→ INPUT RECORDS:

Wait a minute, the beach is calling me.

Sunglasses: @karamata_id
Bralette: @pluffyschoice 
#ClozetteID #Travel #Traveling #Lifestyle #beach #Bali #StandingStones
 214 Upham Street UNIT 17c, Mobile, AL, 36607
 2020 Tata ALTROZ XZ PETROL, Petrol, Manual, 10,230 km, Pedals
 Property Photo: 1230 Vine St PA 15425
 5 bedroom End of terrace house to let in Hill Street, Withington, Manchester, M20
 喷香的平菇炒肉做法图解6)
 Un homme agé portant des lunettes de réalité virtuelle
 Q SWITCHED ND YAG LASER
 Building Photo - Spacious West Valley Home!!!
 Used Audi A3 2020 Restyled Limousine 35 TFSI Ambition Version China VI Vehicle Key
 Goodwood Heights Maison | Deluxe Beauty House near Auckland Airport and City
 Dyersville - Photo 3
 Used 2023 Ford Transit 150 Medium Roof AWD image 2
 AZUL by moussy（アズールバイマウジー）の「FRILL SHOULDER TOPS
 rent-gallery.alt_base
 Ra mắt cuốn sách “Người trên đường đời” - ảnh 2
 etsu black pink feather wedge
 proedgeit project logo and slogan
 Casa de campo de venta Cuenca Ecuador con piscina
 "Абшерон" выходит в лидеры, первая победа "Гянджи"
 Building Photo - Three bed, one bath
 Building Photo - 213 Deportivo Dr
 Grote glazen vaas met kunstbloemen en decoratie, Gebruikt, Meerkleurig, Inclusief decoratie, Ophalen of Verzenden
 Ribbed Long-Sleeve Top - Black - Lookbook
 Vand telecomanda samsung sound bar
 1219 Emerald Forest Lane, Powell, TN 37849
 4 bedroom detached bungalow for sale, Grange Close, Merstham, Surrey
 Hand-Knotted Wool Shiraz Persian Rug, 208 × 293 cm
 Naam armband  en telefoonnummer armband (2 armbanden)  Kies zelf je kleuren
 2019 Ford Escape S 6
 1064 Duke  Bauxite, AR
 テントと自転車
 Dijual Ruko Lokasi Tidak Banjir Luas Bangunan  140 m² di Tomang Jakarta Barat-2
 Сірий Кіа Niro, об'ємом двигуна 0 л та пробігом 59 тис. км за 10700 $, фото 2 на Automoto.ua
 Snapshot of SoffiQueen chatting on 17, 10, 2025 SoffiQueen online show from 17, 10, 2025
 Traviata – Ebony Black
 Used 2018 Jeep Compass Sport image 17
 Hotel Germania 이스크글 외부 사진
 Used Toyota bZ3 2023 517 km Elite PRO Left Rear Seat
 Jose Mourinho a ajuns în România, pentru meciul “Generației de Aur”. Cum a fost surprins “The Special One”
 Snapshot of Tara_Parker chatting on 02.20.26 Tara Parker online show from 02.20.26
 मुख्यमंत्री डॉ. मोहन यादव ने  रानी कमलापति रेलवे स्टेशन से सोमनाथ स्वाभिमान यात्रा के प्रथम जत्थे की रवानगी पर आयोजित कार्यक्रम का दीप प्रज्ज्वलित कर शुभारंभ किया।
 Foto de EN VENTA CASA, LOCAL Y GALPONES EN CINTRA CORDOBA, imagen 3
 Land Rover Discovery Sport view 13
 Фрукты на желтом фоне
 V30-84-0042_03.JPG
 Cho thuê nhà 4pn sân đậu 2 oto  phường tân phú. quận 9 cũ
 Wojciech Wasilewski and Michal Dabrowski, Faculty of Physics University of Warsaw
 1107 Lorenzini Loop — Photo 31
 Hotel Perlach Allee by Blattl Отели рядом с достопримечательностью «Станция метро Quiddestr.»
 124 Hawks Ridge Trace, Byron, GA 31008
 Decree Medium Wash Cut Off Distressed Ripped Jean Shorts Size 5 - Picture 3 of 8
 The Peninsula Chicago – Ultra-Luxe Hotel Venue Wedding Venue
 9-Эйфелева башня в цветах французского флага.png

→ ASSIGNMENT: Copy every line that appears above, with each word kept as it is.

→ ANSWER TO THIS PROBLEM:
Wait a minute, the beach is calling me.

Sunglasses: @karamata_id
Bralette: @pluffyschoice 
#ClozetteID #Travel #Traveling #Lifestyle #beach #Bali #StandingStones
 214 Upham Street UNIT 17c, Mobile, AL, 36607
 2020 Tata ALTROZ XZ PETROL, Petrol, Manual, 10,230 km, Pedals
 Property Photo: 1230 Vine St PA 15425
 5 bedroom End of terrace house to let in Hill Street, Withington, Manchester, M20
 喷香的平菇炒肉做法图解6)
 Un homme agé portant des lunettes de réalité virtuelle
 Q SWITCHED ND YAG LASER
 Building Photo - Spacious West Valley Home!!!
 Used Audi A3 2020 Restyled Limousine 35 TFSI Ambition Version China VI Vehicle Key
 Goodwood Heights Maison | Deluxe Beauty House near Auckland Airport and City
 Dyersville - Photo 3
 Used 2023 Ford Transit 150 Medium Roof AWD image 2
 AZUL by moussy（アズールバイマウジー）の「FRILL SHOULDER TOPS
 rent-gallery.alt_base
 Ra mắt cuốn sách “Người trên đường đời” - ảnh 2
 etsu black pink feather wedge
 proedgeit project logo and slogan
 Casa de campo de venta Cuenca Ecuador con piscina
 "Абшерон" выходит в лидеры, первая победа "Гянджи"
 Building Photo - Three bed, one bath
 Building Photo - 213 Deportivo Dr
 Grote glazen vaas met kunstbloemen en decoratie, Gebruikt, Meerkleurig, Inclusief decoratie, Ophalen of Verzenden
 Ribbed Long-Sleeve Top - Black - Lookbook
 Vand telecomanda samsung sound bar
 1219 Emerald Forest Lane, Powell, TN 37849
 4 bedroom detached bungalow for sale, Grange Close, Merstham, Surrey
 Hand-Knotted Wool Shiraz Persian Rug, 208 × 293 cm
 Naam armband  en telefoonnummer armband (2 armbanden)  Kies zelf je kleuren
 2019 Ford Escape S 6
 1064 Duke  Bauxite, AR
 テントと自転車
 Dijual Ruko Lokasi Tidak Banjir Luas Bangunan  140 m² di Tomang Jakarta Barat-2
 Сірий Кіа Niro, об'ємом двигуна 0 л та пробігом 59 тис. км за 10700 $, фото 2 на Automoto.ua
 Snapshot of SoffiQueen chatting on 17, 10, 2025 SoffiQueen online show from 17, 10, 2025
 Traviata – Ebony Black
 Used 2018 Jeep Compass Sport image 17
 Hotel Germania 이스크글 외부 사진
 Used Toyota bZ3 2023 517 km Elite PRO Left Rear Seat
 Jose Mourinho a ajuns în România, pentru meciul “Generației de Aur”. Cum a fost surprins “The Special One”
 Snapshot of Tara_Parker chatting on 02.20.26 Tara Parker online show from 02.20.26
 मुख्यमंत्री डॉ. मोहन यादव ने  रानी कमलापति रेलवे स्टेशन से सोमनाथ स्वाभिमान यात्रा के प्रथम जत्थे की रवानगी पर आयोजित कार्यक्रम का दीप प्रज्ज्वलित कर शुभारंभ किया।
 Foto de EN VENTA CASA, LOCAL Y GALPONES EN CINTRA CORDOBA, imagen 3
 Land Rover Discovery Sport view 13
 Фрукты на желтом фоне
 V30-84-0042_03.JPG
 Cho thuê nhà 4pn sân đậu 2 oto  phường tân phú. quận 9 cũ
 Wojciech Wasilewski and Michal Dabrowski, Faculty of Physics University of Warsaw
 1107 Lorenzini Loop — Photo 31
 Hotel Perlach Allee by Blattl Отели рядом с достопримечательностью «Станция метро Quiddestr.»
 124 Hawks Ridge Trace, Byron, GA 31008
 Decree Medium Wash Cut Off Distressed Ripped Jean Shorts Size 5 - Picture 3 of 8
 The Peninsula Chicago – Ultra-Luxe Hotel Venue Wedding Venue
 9-Эйфелева башня в цветах французского флага.png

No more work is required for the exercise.